# HMS Thetis and the Thetis Clip.



## graysonlad (Feb 3, 2009)

1st June was the anniversary of the tragic loss of HMS Thetis in 1939.
Apart from the Memorial at Maes Hyfryd, the only other tangible item with direct connection to Thetis was the Thetis Clip. This clip, I understand, was fitted to all British subs as a standard safety feature to the inner doors of torpedo tubes to prevent them being open fully when the bow cap was also open. The device remained in use for many years.
Over the years I have gathered details on Thetis but have never managed to obtain any pictures of this clip actually in use on a sub.

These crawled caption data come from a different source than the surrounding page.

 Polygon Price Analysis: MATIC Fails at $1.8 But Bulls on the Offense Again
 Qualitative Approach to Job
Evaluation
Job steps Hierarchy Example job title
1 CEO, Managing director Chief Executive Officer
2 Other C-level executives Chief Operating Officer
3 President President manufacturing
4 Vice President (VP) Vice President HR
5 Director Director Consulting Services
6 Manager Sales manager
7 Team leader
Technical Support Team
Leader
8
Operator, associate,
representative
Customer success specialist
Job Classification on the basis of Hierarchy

Can anyone point me in the right direction to where I might get some pictures.
Thanks. graysonlad.


----------



## Duncan112 (Dec 28, 2006)

One here https://janmeecham.wordpress.com/2016/09/24/the-thetis-submarine-disaster/


----------



## davidtalbot (Jul 3, 2017)

*Thetis Clip description and photo*

Here is a good description of the Thetis incident which includes a picture of the Thetis Clip
https://janmeecham.wordpress.com/2016/09/24/the-thetis-submarine-disaster/
I have also followed the Thetis disaster very closely for many years
David
Ex-RN


----------



## davidtalbot (Jul 3, 2017)

*Another Thetis revelation*

Not sure if this is true, I am not impressed by the Daily Mail. My feeling is that the rescue ships just dithered and procrastinated.

Here is the Daily Mail link

http://www.dailymail.co.uk/news/art...-sailors-die-avoid-damaging-stricken-sub.html


----------